#### Problem description
The output is the line containing "65UQ7590PUB - photo 2" plus every later line down to the end of the listing below, copied exactly. No pictures belong in it.

#### Dataset extract
Start of Block
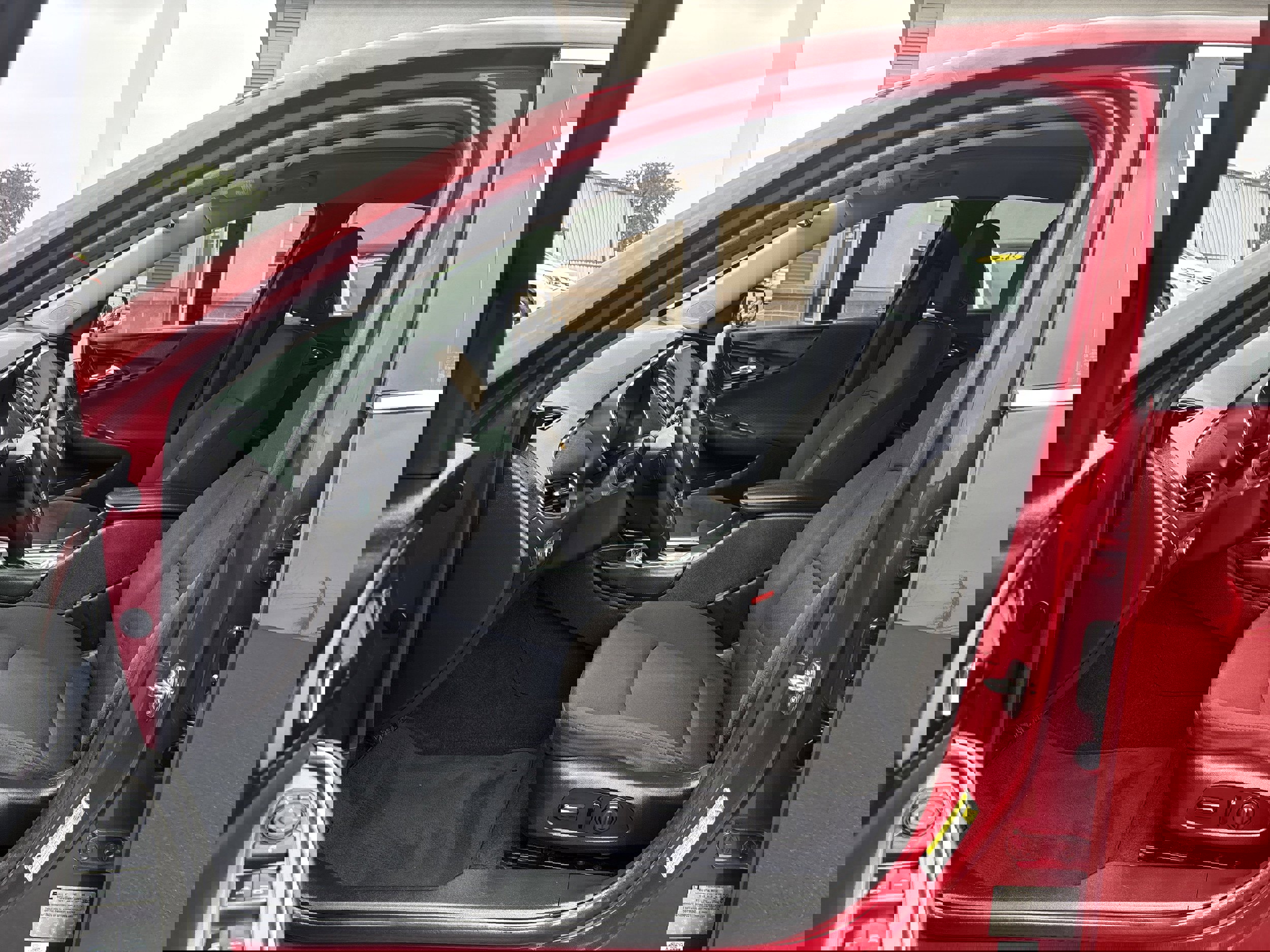 Used 2017 Chevrolet Malibu LT w/ Driver Confidence Package image 22
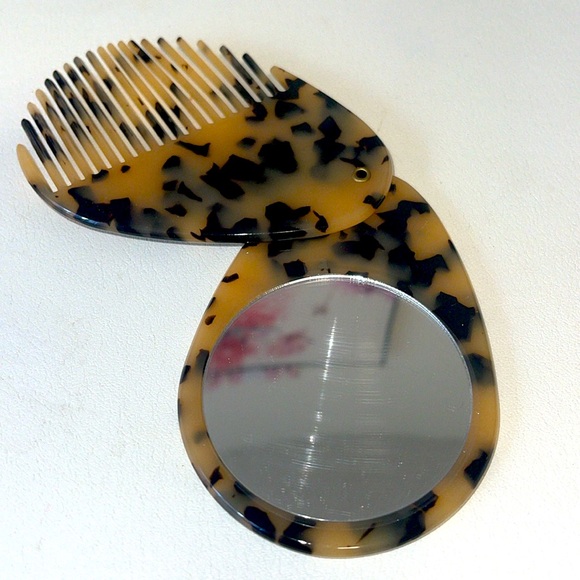 NWT- “The Paper source “claw and teardrop mirror comb duo. - Picture 7 of 7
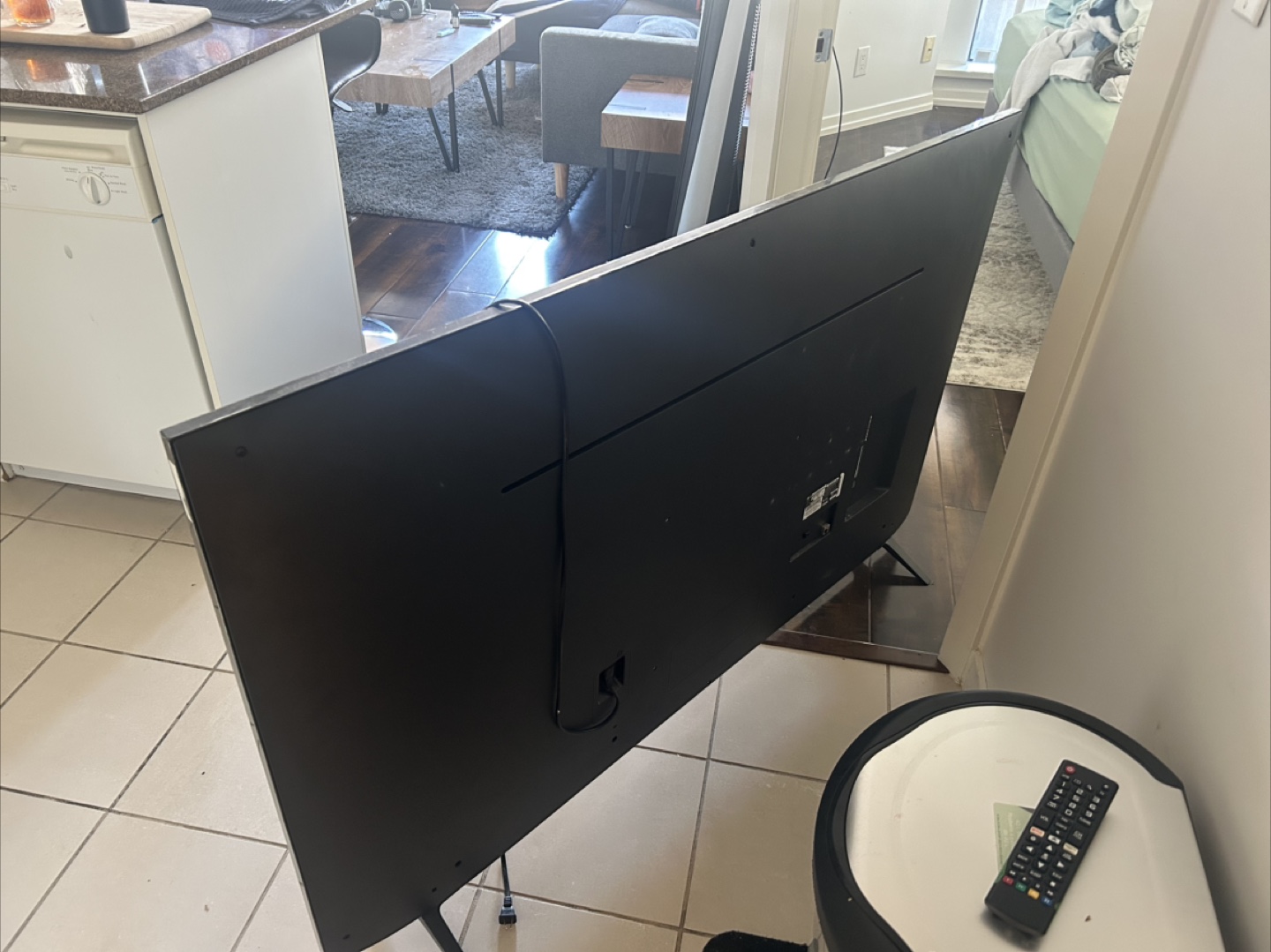LG 65" 4K UHD Smart TV - Model 65UQ7590PUB - photo 2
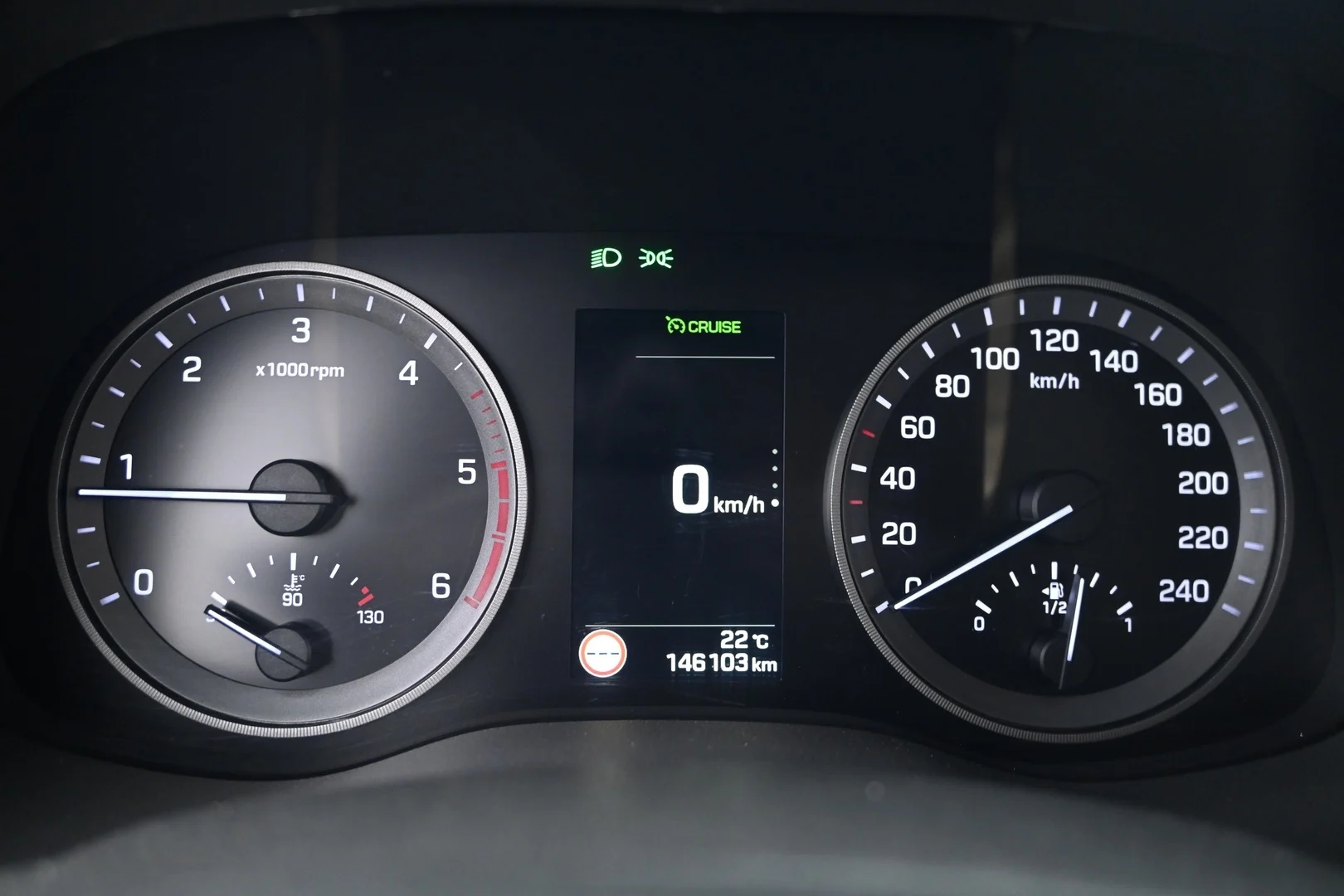 Car Image - 4T3HzvFyVanbmTNdp4zZKv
End of Block
#### Expected answer
LG 65" 4K UHD Smart TV - Model 65UQ7590PUB - photo 2
 Car Image - 4T3HzvFyVanbmTNdp4zZKv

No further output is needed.